Partner in M.Cubed, an economics and policy consulting firm.

Guest Post: The importance of engaging electricity consumers

My partner at M.Cubed Steven Moss wrote this editorial for The Potrero View on how we need to engage consumers when developing a vision of how the electricity future might evolve:

Multiple corporate monopolies have emerged, thrived, and withered over the last hundred years. Railroads, telegram and telephone services, air transportation, network television and newspapers all had highly lucrative heydays, but were ultimately cut down to size by a combination of government anti-trust activities and new technologies. Today there’s a plethora of transportation, communication, information, and entertainment services, most offered at lower cost or with greater value than what was on the former cartels’ menu.
The societal conversation continues over how to best manage quasi-monopolies, like cable and Internet services. Water utilities are struggling with how to pay for themselves in an era in which reducing consumption is essential to addressing chronic scarcity. But the monopoly sector most ripe for rapid change is the almost a half-trillion dollar electricity sector.
Throughout the U.S. electricity is provided by a mix of municipal, cooperative, and investor-owned utilities (IOUs), each with a lock on delivering large aspects of the service in their home territories. In California the three large IOUs — San Diego Gas and Electric, Southern California Edison, and Pacific Gas and Electric (PG&E) — have carved up the lion’s share of the state’s monopoly electricity market. All of them face a business model that’s been buffeted by the rapid policy-driven onsite of renewables and the emergence of other technologies that aren’t as dependent on a large, capital-intensive spoke — fossil fuel or nuclear power plant — and wheels — transmission and distribution — system to operate.
Today, a home or business can install devices to capture sunshine or wind and cope with intermittent power flows by managing the timing of their energy consumption and installing a storage device, which could include harnessing the battery in the electric vehicle parked in the garage.
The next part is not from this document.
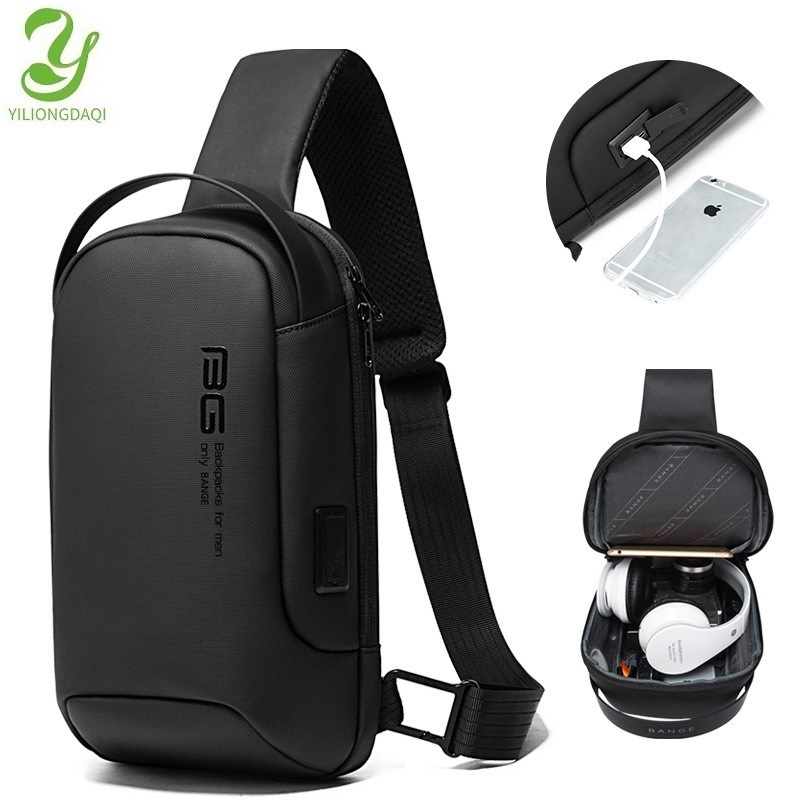 Sling bag for men shopee hot sale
These types of systems may work best when they’re combined at the multiple-neighborhood level, to create a portfolio of resources that can reduce the risk that the failure of one device will have catastrophic outage consequences. The optimal size for a next generation grid may be roughly half the size of San Francisco, a back-to-the-future system that mirrors the more than 100 small service providers that combined more than a century ago to create PG&E.
Institutional change is tricky, though, when it comes to electricity. Although rates are high in California, outside the Central Valley in the summer, household bills are generally modest as a result of the state’s mild climate. There’s solid service reliability, with the IOUs generally doing a fine job restoring post-storm outages. And, thanks to public policies, low-income families are provided substantial subsidies, while the grid has grown increasingly green. Outside San Francisco — and post natural gas-disaster San Bruno — where tilting at PG&E is an ideological battle rather than an economic one, these characteristics serve to mute the potential for widespread ratepayer revolt, and encourage consumer advocacy groups to protect the existing monopoly system.
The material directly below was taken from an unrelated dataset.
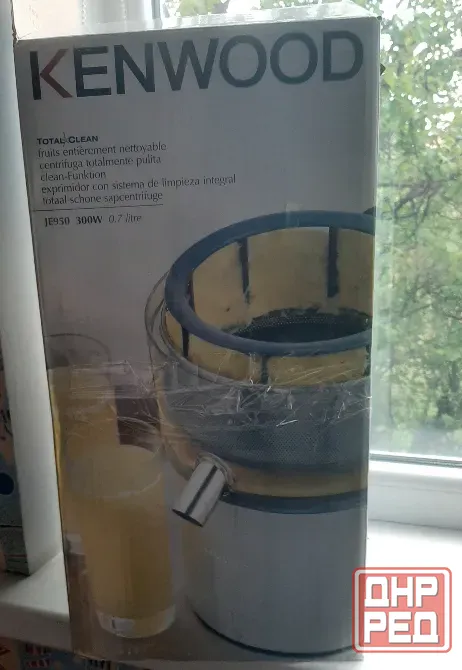 Соковыжималка Kenwood Донецк - изображение 1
Yet without change, electricity service is poised to get much more expensive, and probably less green. Renewable intermittency — production drops when the sun doesn’t shine — doesn’t match with the current system, creating gaps that could be plugged by costly and polluting fossil fuel power plants, eroding much of the environmental gains achieved over the past decade. Despite substantial technological innovation which should spur price competition, utility rates are consistently rising, in part because two competing paradigms — New Age renewables, and Industrial Age fossil fuels — are being simultaneously pursued for political reasons.
The seeds of a solution are in creating more knowledge. Consumers are almost entirely ignorant of how the timing of their electricity use influences costs. Electricity rates don’t reflect the underlying expense — to the environment or grid — of providing service in a given time and place. Since price-based feedback to the IOUs is significantly muted, the monopolies operate as if demand is largely immune to change, and must be met by increasing amounts of generation to ensure reliability.
The pathways we take as the grid wobbles in the face of renewable disruption will determine how much we pay, out of our pockets, and through dirtier air, for the next few decades. Fortunately, there’s a ready way to remold the monopoly electric utility industry: get the prices right. If rates reflected the true costs of service — including greenhouse gas and polluting air emissions — consumers and businesses would take action to change their consumption patterns, aided by high technology companies eager to solve profitable problems. The Internet of Things would become the Energy System of Things, with renewables, storage, and a host of communicating devices connected to optimize energy use in an environmental sustainable way.
Offering transparent electricity prices won’t solve all of the grid’s challenges. But not doing so walls off essential innovation. Renewables and emerging technologies, combined with clever tariffs, could help ensure that California never builds another fossil fuel power plant. The state can protect low-income households from onerous electricity bills, by directly paying for energy efficiency investments, or providing bill credits. A small is beautiful ethos can emerge to rival the large, reliable, monopolies in providing high-quality services. If we get the prices right.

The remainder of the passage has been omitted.